On August 21, 2017, Past Chapter Presidents Bill Stainton, CSP and Vanna Novak organized a celebration for Brian Walter and Anna Liotta at the World Trade Center in Seattle to celebrate our chapter’s first representation in the National President track. Brian is currently serving as National President from July 2017-18, and Anna Liotta will be serving as National President from July 2019-2020.
True to NSANW style, it was a very fun event with crazy presentations, including Brian and Anna’s heads on a stick.
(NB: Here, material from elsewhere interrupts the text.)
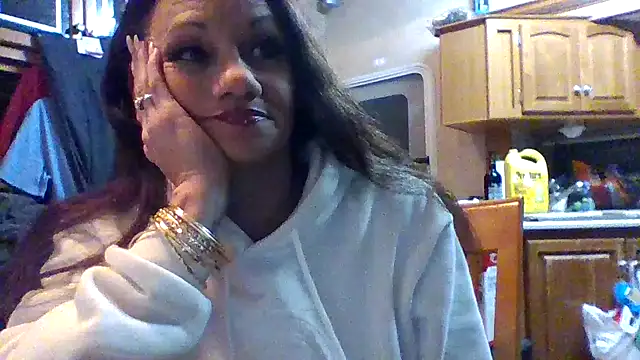 Snapshot of ALLURET4U chatting on 03/12/25, 03:13 ALLURET4U online show from 03/12/25, 03:13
We affectionately renamed the event “President Bri-Ana’s Celebration” and renamed them “President Bri-Ana”.
Here is one of the activities we did,
“Top 10 Benefits of Being National NSA President.”
10. When you die, your face can be on NSA currency.
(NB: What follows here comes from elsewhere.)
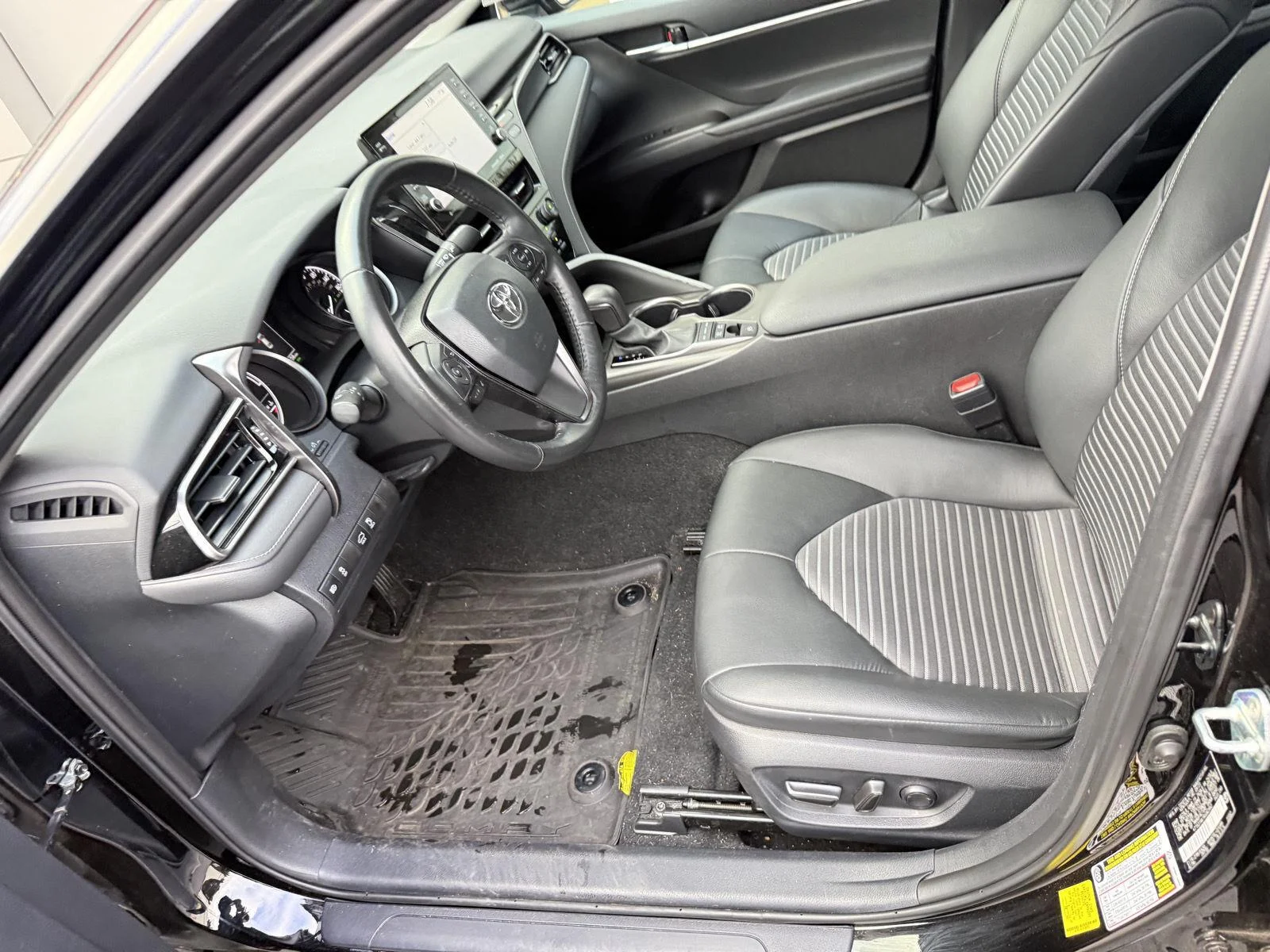 Used 2024 Midnight Black Metallic TOYOTA  image 11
09. You don’t get to spend the night in the Lincoln Bedroom, but you DO get to spend seven hours in Jan McLaughlin’s walk-in closet.
08. Can make the sun disappear…well Brian can. (The event was held on the day of the total solar eclipse.)
07. Has veto power over the Max Dixon Eloquence Awardee.
06. Gullible people think you run the National Security Agency.
05. Gets to determine the exact shade of Mel DePaoli dyes her hair each year.
04. Gets to call out CNN as fake news…I’m sorry, that’s a benefit of being UNITED STATES President. I don’t know how that got in there.
03. Ten percent of all membership dues goes into your personal “sequined wardrobe” account.
02. The President of Toastmasters HAS to return your phone calls.
And the number one benefit of being National NSA President…the President of NSA is also technically the Earl of Bell.